SUPPLIED DATA.

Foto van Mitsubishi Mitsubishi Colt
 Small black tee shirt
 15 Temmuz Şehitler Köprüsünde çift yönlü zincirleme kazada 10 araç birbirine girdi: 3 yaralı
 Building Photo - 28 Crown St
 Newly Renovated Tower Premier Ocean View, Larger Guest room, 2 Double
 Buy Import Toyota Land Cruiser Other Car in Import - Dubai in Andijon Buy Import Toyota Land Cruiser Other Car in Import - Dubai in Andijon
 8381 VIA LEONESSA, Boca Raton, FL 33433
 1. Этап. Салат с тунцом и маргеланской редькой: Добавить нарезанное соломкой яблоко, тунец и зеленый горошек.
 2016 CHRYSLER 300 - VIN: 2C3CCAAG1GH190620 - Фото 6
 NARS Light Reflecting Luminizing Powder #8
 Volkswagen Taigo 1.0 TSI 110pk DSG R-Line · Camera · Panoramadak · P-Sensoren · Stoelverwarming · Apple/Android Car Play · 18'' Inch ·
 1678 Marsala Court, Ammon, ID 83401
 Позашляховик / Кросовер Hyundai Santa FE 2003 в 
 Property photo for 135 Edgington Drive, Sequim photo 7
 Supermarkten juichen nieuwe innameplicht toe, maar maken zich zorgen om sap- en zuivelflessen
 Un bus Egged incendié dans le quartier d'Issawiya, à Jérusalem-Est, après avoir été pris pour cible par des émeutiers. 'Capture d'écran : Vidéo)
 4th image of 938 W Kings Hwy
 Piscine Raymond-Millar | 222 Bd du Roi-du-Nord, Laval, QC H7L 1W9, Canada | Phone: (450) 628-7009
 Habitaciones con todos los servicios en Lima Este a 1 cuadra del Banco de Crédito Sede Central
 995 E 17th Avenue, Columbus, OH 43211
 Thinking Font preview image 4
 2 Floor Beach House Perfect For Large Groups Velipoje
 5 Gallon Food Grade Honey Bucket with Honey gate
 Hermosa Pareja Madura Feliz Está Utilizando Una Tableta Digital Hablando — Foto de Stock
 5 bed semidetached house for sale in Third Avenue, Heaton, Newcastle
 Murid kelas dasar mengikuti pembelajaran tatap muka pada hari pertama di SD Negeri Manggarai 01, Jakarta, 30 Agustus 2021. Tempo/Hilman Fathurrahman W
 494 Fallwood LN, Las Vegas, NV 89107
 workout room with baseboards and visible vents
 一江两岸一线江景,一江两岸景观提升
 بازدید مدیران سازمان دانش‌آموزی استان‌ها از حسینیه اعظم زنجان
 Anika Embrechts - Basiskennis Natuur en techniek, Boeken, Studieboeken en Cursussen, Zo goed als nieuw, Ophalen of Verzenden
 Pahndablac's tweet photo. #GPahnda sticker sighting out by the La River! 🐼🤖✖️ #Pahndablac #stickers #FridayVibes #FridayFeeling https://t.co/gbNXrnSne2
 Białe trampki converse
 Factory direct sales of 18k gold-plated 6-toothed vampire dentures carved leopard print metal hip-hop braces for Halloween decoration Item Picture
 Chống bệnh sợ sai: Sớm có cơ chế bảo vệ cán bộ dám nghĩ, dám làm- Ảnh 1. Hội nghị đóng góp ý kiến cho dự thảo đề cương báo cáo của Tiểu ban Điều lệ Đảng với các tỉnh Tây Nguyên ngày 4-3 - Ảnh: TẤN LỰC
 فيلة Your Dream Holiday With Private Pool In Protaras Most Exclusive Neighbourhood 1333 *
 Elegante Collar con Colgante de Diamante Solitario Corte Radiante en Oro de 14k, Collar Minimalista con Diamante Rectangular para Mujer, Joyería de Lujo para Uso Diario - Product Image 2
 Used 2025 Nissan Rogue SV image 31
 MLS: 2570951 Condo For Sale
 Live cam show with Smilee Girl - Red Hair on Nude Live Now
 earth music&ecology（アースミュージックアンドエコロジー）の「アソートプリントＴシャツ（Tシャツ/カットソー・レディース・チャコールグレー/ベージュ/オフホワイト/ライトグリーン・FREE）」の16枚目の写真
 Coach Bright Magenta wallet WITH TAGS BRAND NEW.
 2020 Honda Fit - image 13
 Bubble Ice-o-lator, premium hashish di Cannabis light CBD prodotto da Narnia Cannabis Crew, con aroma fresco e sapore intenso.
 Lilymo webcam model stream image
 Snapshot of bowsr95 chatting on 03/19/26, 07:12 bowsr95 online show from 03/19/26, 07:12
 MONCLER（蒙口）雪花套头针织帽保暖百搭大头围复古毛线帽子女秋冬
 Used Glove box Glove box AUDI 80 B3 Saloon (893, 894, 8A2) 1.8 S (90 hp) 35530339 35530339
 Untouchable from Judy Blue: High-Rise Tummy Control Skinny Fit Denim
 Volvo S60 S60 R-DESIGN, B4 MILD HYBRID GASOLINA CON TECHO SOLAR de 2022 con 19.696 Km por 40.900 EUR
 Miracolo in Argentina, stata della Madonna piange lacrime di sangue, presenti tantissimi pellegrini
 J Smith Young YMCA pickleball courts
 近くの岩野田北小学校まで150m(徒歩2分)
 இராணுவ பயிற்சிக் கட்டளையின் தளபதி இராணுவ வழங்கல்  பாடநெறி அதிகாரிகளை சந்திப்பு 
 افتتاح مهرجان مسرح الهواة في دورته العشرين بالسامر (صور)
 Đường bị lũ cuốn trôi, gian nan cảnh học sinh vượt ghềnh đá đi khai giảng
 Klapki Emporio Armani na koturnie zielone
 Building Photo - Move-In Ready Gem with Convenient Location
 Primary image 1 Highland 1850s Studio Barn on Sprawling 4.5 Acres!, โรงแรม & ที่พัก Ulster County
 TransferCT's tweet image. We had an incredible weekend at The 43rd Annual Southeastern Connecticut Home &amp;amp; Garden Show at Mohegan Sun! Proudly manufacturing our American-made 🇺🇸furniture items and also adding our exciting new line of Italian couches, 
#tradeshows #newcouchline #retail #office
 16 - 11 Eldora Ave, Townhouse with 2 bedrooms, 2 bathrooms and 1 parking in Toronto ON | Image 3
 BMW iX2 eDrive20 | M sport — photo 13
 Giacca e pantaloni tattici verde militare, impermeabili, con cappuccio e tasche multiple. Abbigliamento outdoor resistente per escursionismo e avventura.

YOUR ASSIGNMENT.
Would you restate, word for word, every line of the listing from its first line through the line with "Newly Renovated Tower"?

EXERCISE OUTPUT.
Foto van Mitsubishi Mitsubishi Colt
 Small black tee shirt
 15 Temmuz Şehitler Köprüsünde çift yönlü zincirleme kazada 10 araç birbirine girdi: 3 yaralı
 Building Photo - 28 Crown St
 Newly Renovated Tower Premier Ocean View, Larger Guest room, 2 Double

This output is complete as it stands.